Relations between Israel and Turkey have witnessed a downturn in the years since the 2010 Mavi Marmara incident, in which Israeli troops boarded a Turkish-flagged ship attempting to break the blockade by Israel and Egypt on the Gaza Strip. Nine activists, many of them Turks, died in the incident, and 10 Israeli soldiers were wounded. Turkey and Israel restored full diplomatic relations in 2016, but Ankara withdrew its ambassador and ordered Israel’s ambassador to leave after deadly clashes on the Israel-Gaza border in May.

“I thought it would be nice to show that we really want them to go back to normal. We want true peace,” Atamna-Ismaeel said.

In addition to the Turkish food, the festival included lectures about Ottoman cuisine, tours of Ottoman architecture in Haifa, Turkish singers, pop-up shops selling Turkish ceramics, lamps and sweets, and two visiting Turkish chefs preparing their dishes at local restaurants.

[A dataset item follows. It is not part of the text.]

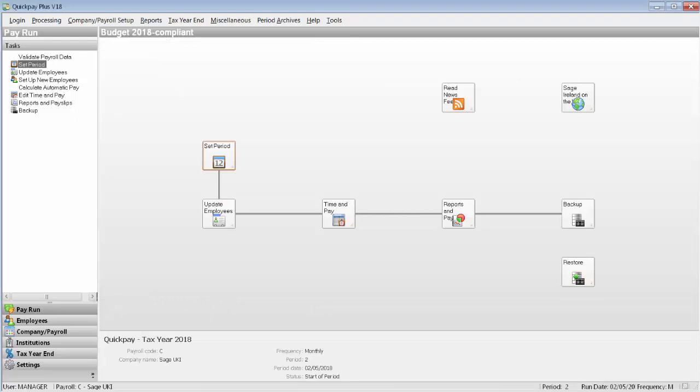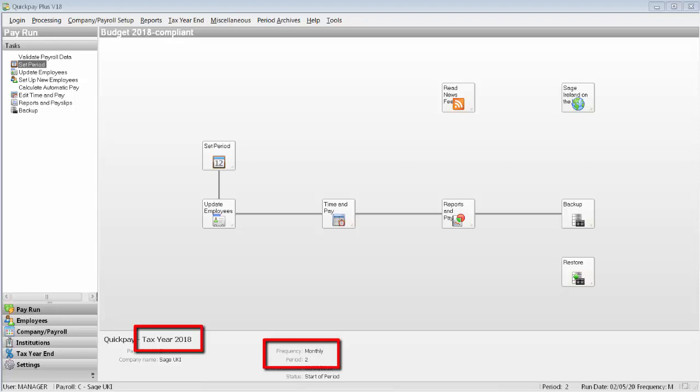Next, you need to make sure that all the QuickPay payrolls share the same tax year and pay frequency. They must also have the same tax registration number and be on the same pay period.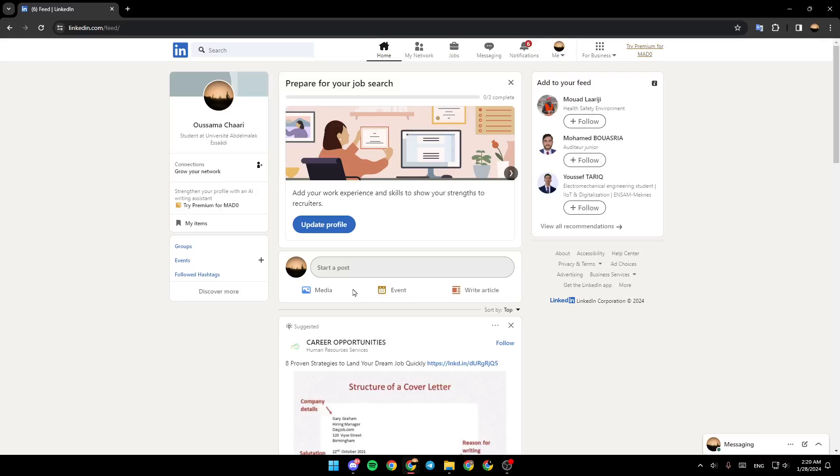Hello everyone and welcome back to a new video. In this video I'm going to show you guys how to build a text in a LinkedIn post. If you want to learn how to do it, just follow the steps that I'm going to show you.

Maksut Askar of Istanbul’s Neolokal and Kemal Demirasal of Alancha in Alacati, a popular holiday resort near Izmir, brought a taste of the modern Turkish culinary scene to Haifa for the festival. Askar told Al-Monitor, “There’s no such thing as Ottoman cuisine. There's no such thing as Turkish cuisine either, because the cuisine is all about what geography gives you.”

Askar said there were many similarities between some varieties of Turkish food and the Levantine cuisine endemic to Israel. Levantine cuisine “is not very different so far from where I am from,” said Askar, who hails from the southern Turkish city of Antakya. “It’s the same lens, it’s the same people.”

Nonetheless, he came to Israel with 36 kilograms (79 pounds) of ingredients to prepare 12 dishes with great exactitude to those found in his Istanbul restaurant. One of his signature dishes, called Hummus and Anatolian Landscapes, was made with local hummus, however.

Demirasal drew from his Aegean coastal cuisine and prepared cacik — his own twist on the Turkish variation of Greek tzatziki — with seafood orzo (similar to pilau, lamb and baklava) at Hanamal 24 restaurant in Haifa.

Askar and Demirasal told Al-Monitor that neither of them faced pressure to boycott the Israeli festival for political reasons, and were proud to attend.

“We are here to prove that people can connect each other through food. It doesn't matter who they are or where they belong. That's what we do,” said Askar, before serving his dishes to a fully booked Rola Levantine Kitchen in Haifa.